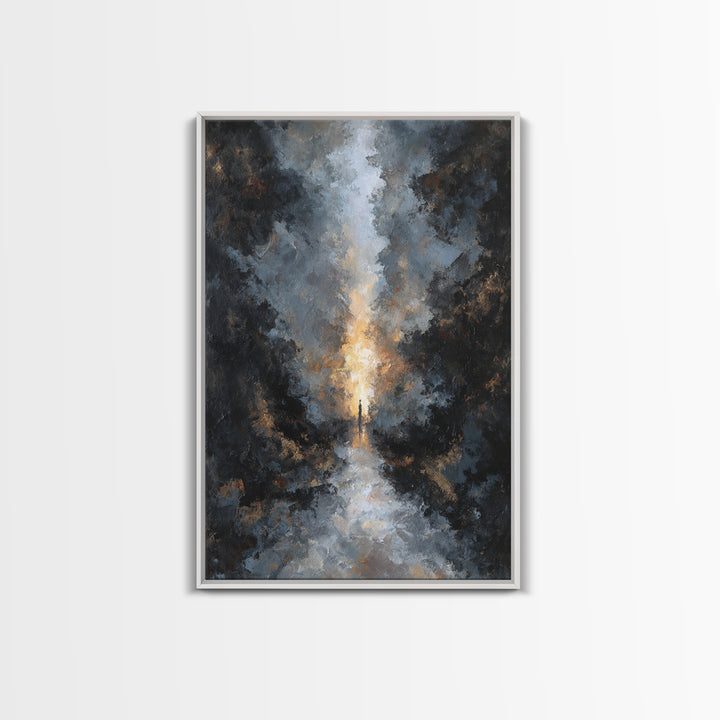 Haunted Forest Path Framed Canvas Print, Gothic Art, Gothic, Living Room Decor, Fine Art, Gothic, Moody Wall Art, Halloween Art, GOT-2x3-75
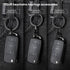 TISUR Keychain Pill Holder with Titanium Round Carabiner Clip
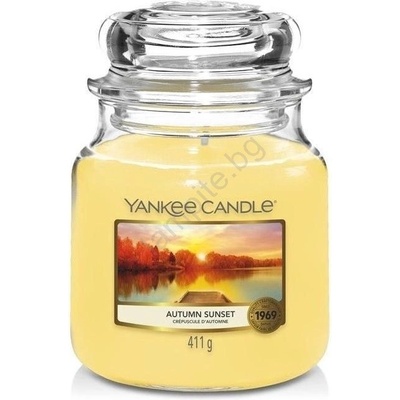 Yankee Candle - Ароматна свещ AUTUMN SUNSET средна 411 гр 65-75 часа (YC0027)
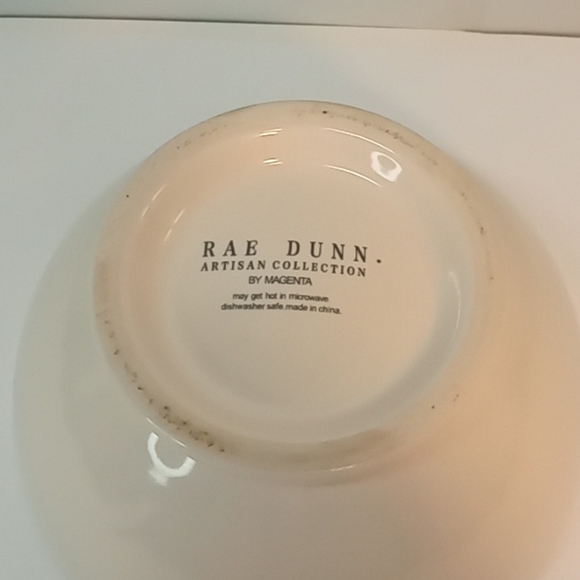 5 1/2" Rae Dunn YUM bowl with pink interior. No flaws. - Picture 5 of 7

==

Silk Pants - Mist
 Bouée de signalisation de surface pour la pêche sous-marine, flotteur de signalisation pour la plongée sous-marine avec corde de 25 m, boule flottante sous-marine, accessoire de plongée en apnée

---

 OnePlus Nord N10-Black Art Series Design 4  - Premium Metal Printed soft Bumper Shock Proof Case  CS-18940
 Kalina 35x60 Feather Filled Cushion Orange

The problem. Leaving out each picture, repeat exactly the lines above from the one that contains "Yankee Candle - Ароматна" through the one that contains "Picture 5 of 7".

Result of this exercise.
 Yankee Candle - Ароматна свещ AUTUMN SUNSET средна 411 гр 65-75 часа (YC0027)
 5 1/2" Rae Dunn YUM bowl with pink interior. No flaws. - Picture 5 of 7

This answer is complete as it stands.